With plus size now becoming the new normal, women everywhere are embracing their thick thighs and curves. However, the body positivity movement isn’t always inclusive of everyone. The term “the acceptable thick” basically means that women can be plus sized but only to a certain socially accepted extent.
For example, we never see women in fashion ads with stretch marks, with “cellulite," or even with bigger stomachs or guts. We always see women with flat stomachs and wide hips, and although these women need representation too, they don’t represent the entire plus-sized community.
For example, brands such as Aerie featured Barbie Nox, a “plus-sized model” in their new untouched campaign.
Sports Illustrated featured the plus-sized model Ashley Graham, size 16, on the cover of their magazine for the first time in the history of the magazine. Although this has been seen as a huge triumph for plus sized women, the amount of under-representation in the media is alarming. I personally think the root of body negativity is due to this.
However, these women are within the spectrum of what's acceptable in society.
While many plus sized women are beyond excited that advertisements are finally using more realistic women, I’m hesitant to say that this is a step forward in progressive body positive thinking. With the acceptable thick becoming more and more apparent in social media, I’m afraid for my fellow fat women whose bodies aren’t portrayed in mainstream society.
And as a woman who is a size 18/20, the term “plus size” has been in my life for years.
The "acceptable thick" is what every man wants; a woman with a small waist, flat stomach, and of course, big hips and round backside. With plus size women in particular, it’s either one extreme or the other. People are either severely fatphobic, or fetishize fat women.
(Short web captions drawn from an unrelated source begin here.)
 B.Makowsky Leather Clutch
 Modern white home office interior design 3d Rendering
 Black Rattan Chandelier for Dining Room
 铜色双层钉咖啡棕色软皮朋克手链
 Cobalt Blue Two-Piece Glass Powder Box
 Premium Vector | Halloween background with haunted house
Some extremes include feederism, which I would never ever be a part of.
While many women, in particular, are seeking out that “slim thick” look as portrayed by these models and other celebrities such as Nicki Minaj & Beyonce, I’ve noticed many people put other people down for not going to the gym. Speaking from my own personal experience, in my fall 2015 semester, I went to the gym every chance I got because I thought I needed to prove myself to people that didn’t matter to me and to people I didn't matter to.
They assumed that because I was large, I was there to lose weight. Not only did that make me very self-conscious and would induce anxiety attacks later on in the locker room, but it also made me uncomfortable. I was always the heaviest one out of all of my friends, and I felt like I needed to prove something to them to show them that I wasn’t just a pile of fat who doesn’t do anything. Later on, though, I realized that it doesn’t matter if I go to the gym or not if I’m happy.
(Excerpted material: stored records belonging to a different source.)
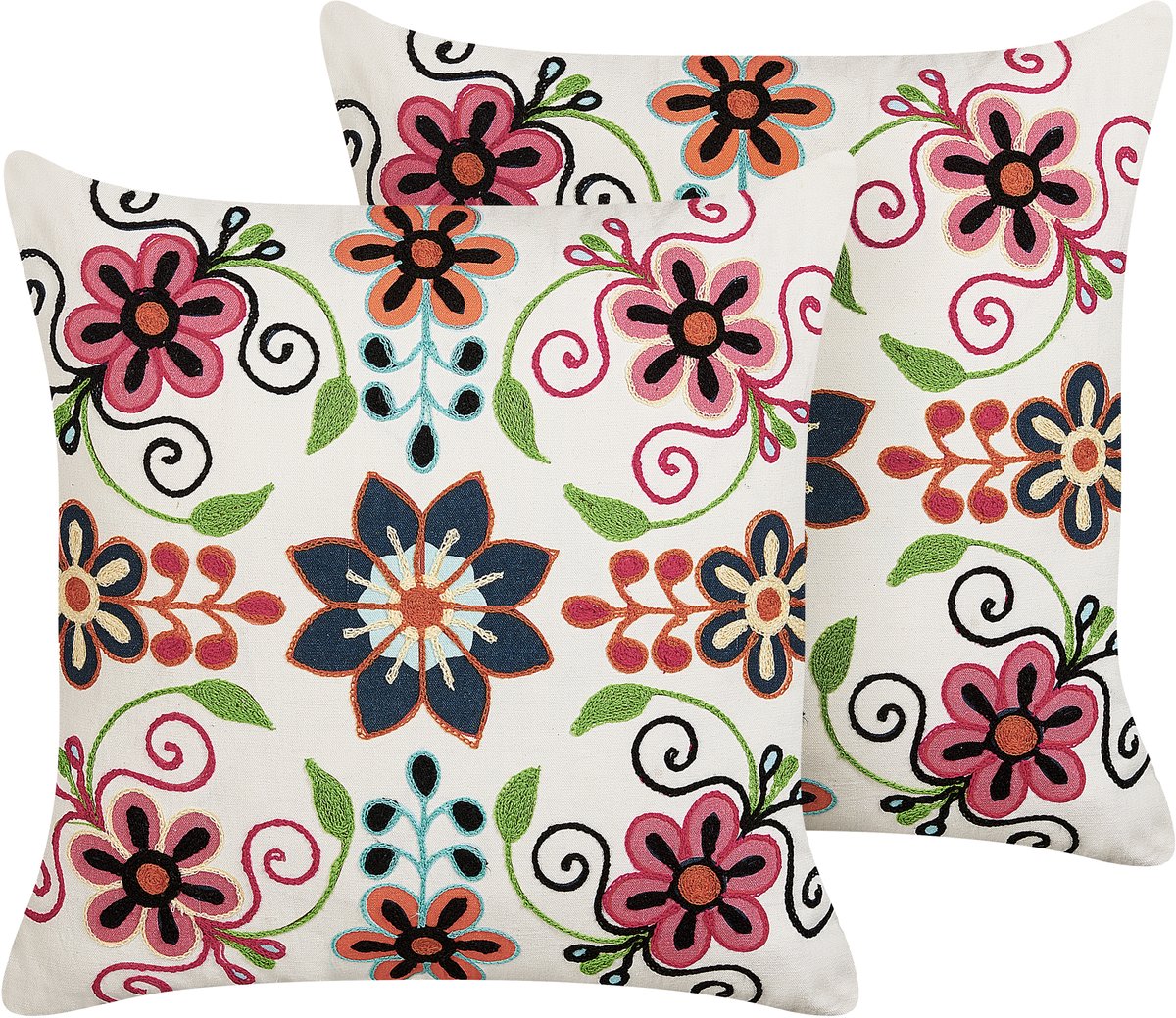 Beliani BAHRAICH - Sierkussen set van 2 - Multicolor - 50 x 50 cm - Katoen Meerkleurig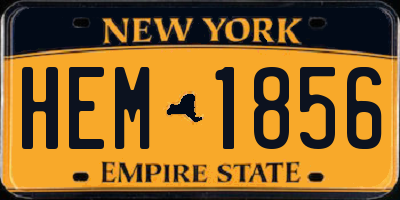NY license plate HEM1856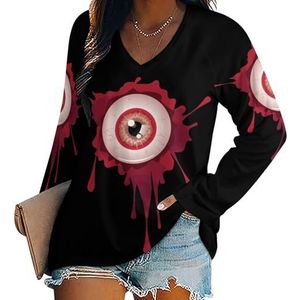Halloween Bloody Eyeball Dames V-hals Shirt Lange Mouw Tops Casual Loose Fit Blouses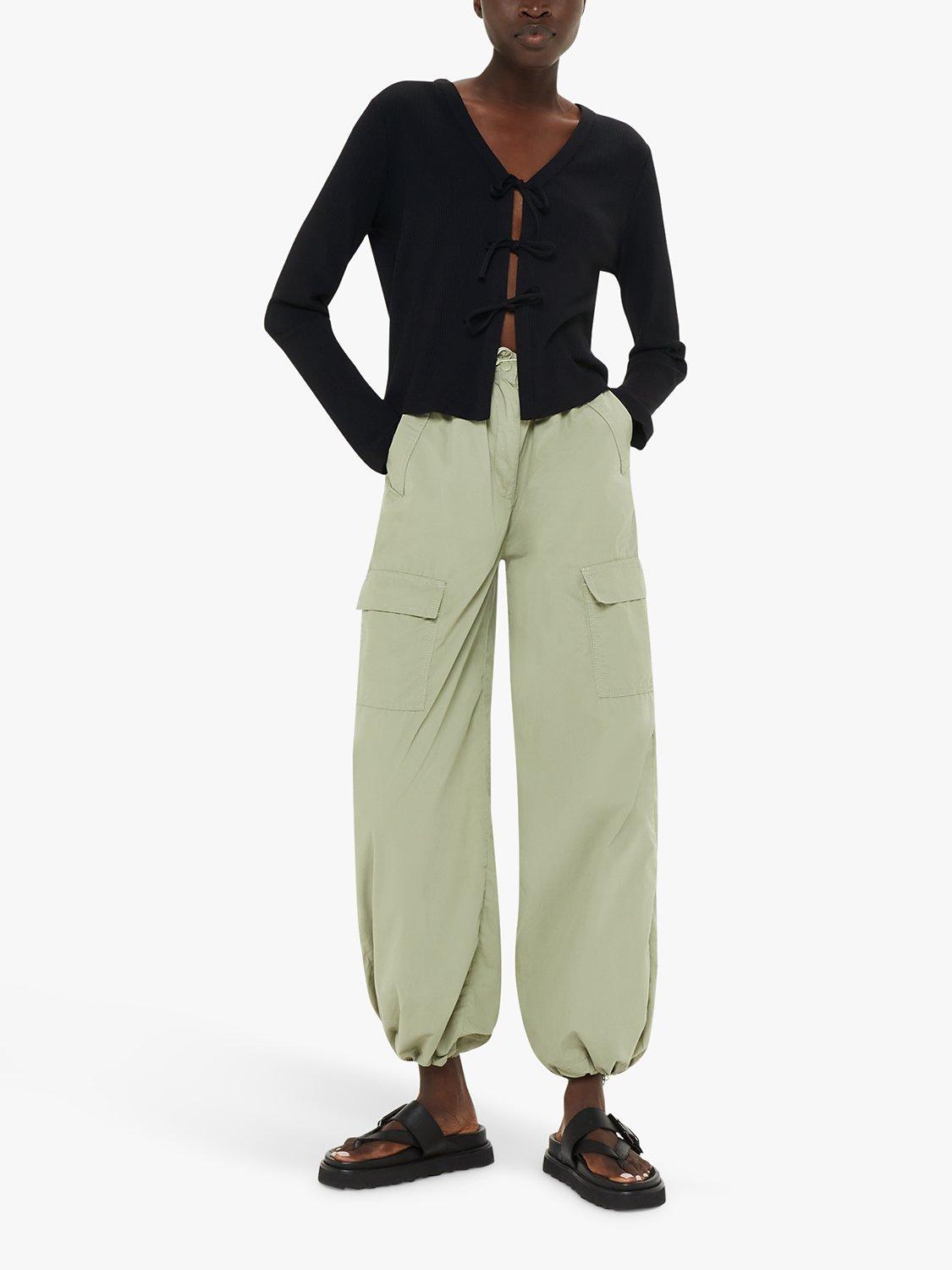 Whistles Plain Tie Front Ribbed Cardigan, Black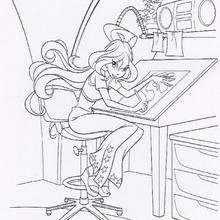 Bloom drawing coloring page - Coloring page - GIRL coloring pages - WINX CLUB coloring pages - BLOOM coloring pages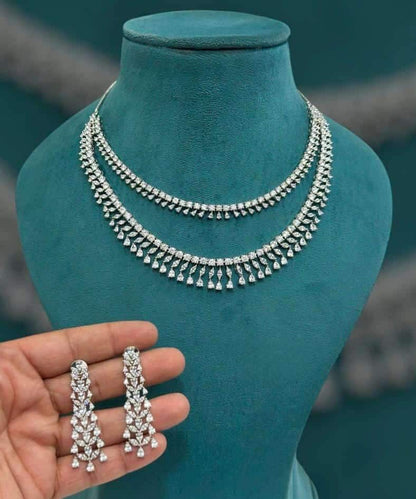 American Diamond Necklace Set – Bridal Jewelry, Elegant Sparkle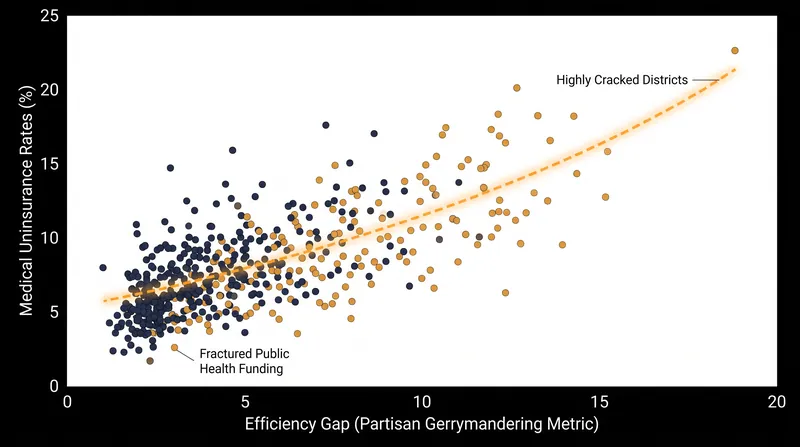 Research indicates that the boundary lines used to crack opposing voters often fracture communities with high rates of medical uninsurance.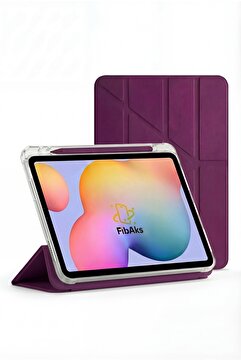Fibaks iPad 11 A16 2025 10. Nesil 10.9 Kılıf Katlanır Kalem Bölmeli Yatay ve Dikey Standlı Uyku Modlu Bordo
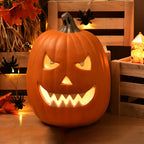 Pumpkin Jack-O-Lantern Light Battery Operated LED Carved Pumpkin Lamp Halloween Indoor Decorative Floor Lamp for Living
The word “fat” has been used to offend people for a long time now. As a person who was called fat constantly in my younger years, I’ve been hurt so many times by the word. Over years of hating my body and everything that comes with it, I’ve finally started to reclaim my fat.
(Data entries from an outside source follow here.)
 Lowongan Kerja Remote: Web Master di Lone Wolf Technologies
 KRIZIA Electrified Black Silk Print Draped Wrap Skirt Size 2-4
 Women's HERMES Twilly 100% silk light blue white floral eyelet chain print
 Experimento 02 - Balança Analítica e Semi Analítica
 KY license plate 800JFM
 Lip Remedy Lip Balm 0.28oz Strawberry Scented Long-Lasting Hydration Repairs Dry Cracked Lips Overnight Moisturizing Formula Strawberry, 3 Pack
"Fat" isn’t an insulting word to me anymore because yes, I am chubby, but I’m proud of it.
Many people view overweight women in particular as undesirable, immoral and overall disgusting. I’ve started to gain my confidence back and spread my sense of accomplishment to other people as well. I think the most important part of this was learning to accept my flaws. I understand that it might not be that easy for many people, and believe me, it wasn’t easy for me, but now that I’ve reclaimed the term "fat" and what it means to me.
My overall advice for people going through body negativity is to start small. Start where you feel comfortable, and you don’t have to love all of yourself at once.